この災害の原因としては、次のようなことが考えられる。
1 作業中に作業場の酸素濃度・有毒ガスについての測定を行っていなかったこと
災害発生数日前、発注者の検査があった際に作業場の環境測定を行っていたこと、災害発生直前に水糸の撤収作業等が無事に行われたこと等の理由から作業中には環境測定を行わなかった。
2 酸欠の危険がある作業場において換気せず作業を行ったこと
災害発生当日マンホール上部に送風機を設置したが、止水プラグ取り外し作業中に送風機を使用せず作業場所の換気が行われなかった。
3 救助者が空気呼吸器等、適切な保護具を使用せず救助活動を行ったこと
救助者は空気呼吸器等、適切な保護具を着用していなかった。またそれらの準備もされていなかった。
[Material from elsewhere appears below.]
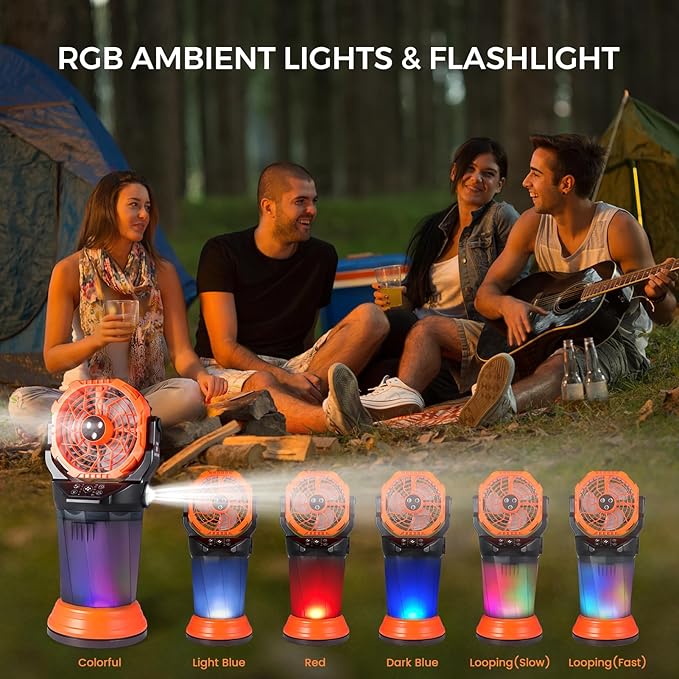 Fotgear Portable Misting Fan - 2026 New Mist Fan with 3 Spray Nozzles, 2 Spray Modes & 2L Water Tank, 20000mAh Battery & Remote, 120° Auto Oscillating, RGB Lights & Flashlight for Camping Patio Beach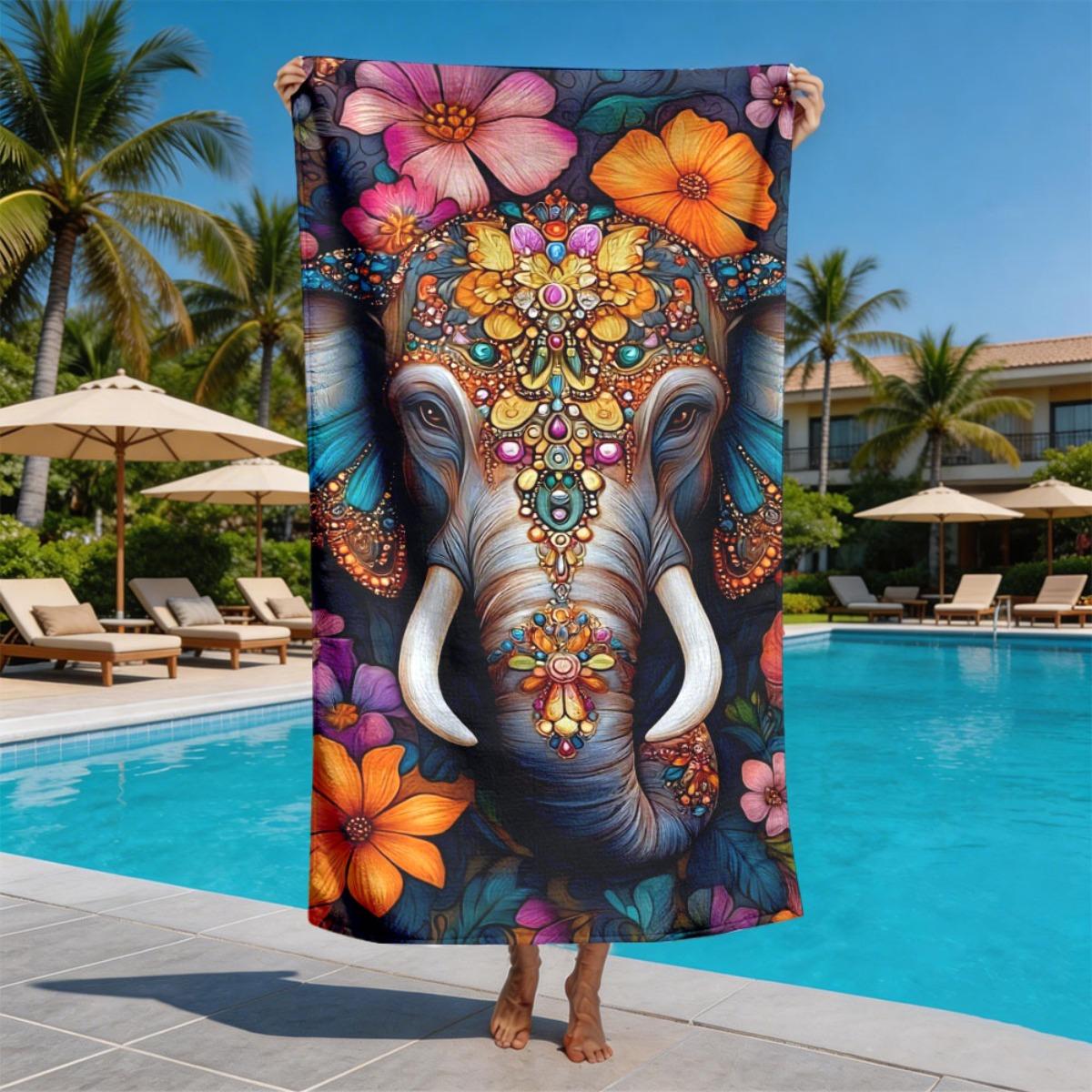 

Gorgeous decorated elephant polyester microfiber beach towel is highly absorbent, suitable for swimming and beach outings W40*H60(CM)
4 第2種酸素欠乏危険作業に係る作業主任者の職務が遂行されていなかったこと
この災害においては関係者のなかに、第2種酸素欠乏危険作業主任者免許を所有していた者はいたが、当日の作業に関しては
(1) 作業開始前に作業の方法を決定し作業を指揮すること
(2) 送風機換気装置等の機能の点検を行うこと
(3) 保護具の使用状況を監視すること
等の職務を励行していなかった。
5 連絡体制に不備があったこと
この災害においては事前の安全対策、準備、検討等が不十分であったが、特に関係者の事前の打ち合わせおよびコミュニケーションが不足していた。